Permettez-moi de terminer en citant quelques lignes du théologien Joseph Ratzinger dans son livre Einführung in das Christentum :

« Comprendre, loin de s’opposer à croire, en constitue l’élément le plus propre […]. Aussi la théologie, comme discours sur Dieu qui fait comprendre, comme discours conforme au logos […], est-elle une tâche primordiale de la foi chrétienne […]. Il est vrai que l’acte de comprendre, de sa nature, dépasse continuellement notre “saisie conceptuelle” pour reconnaître que nous sommes nous-mêmes saisis et “compris” dans plus grand que nous […]. Dans cette perspective il est juste de parler de mystère […]. Mais c’est précisément dans le fait d’être saisis, “compris” par ce que nous ne pouvons à notre tour appréhender que se réalise la responsabilité de “comprendre”, sans laquelle la foi perdrait sa dignité et se détruirait elle-même[1]. »

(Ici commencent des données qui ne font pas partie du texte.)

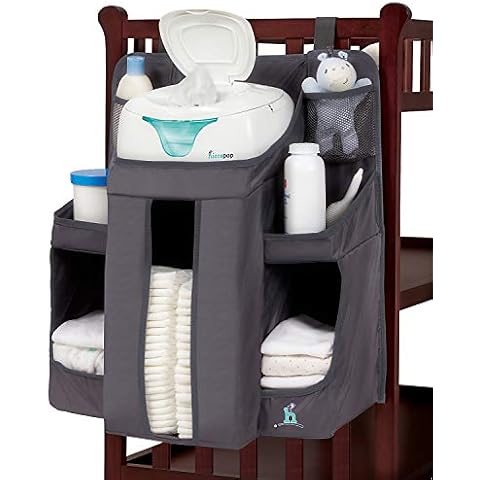 hiccapop Hanging Diaper Organizer for Changing Table, Cribs and Walls, Diaper Stacker and Nursery Organizer | Hanging Storage Caddy Organizer for Baby Essentials | Cover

            Je vois dans le prix Ratzinger un encouragement à poursuive, autant que je pourrai, et avec beaucoup d’autres, un travail théologique au service du peuple de Dieu.

            Je vous remercie encore chaleureusement pour ce prix.

 

Michel Fédou sj

1er décembre 2022

 

 

[1] Traduction française : J. Ratzinger, Foi chrétienne hier et aujourd’hui, trad. de l’allemand, 2e éd., Mame, Paris, 1969, p. 35-36.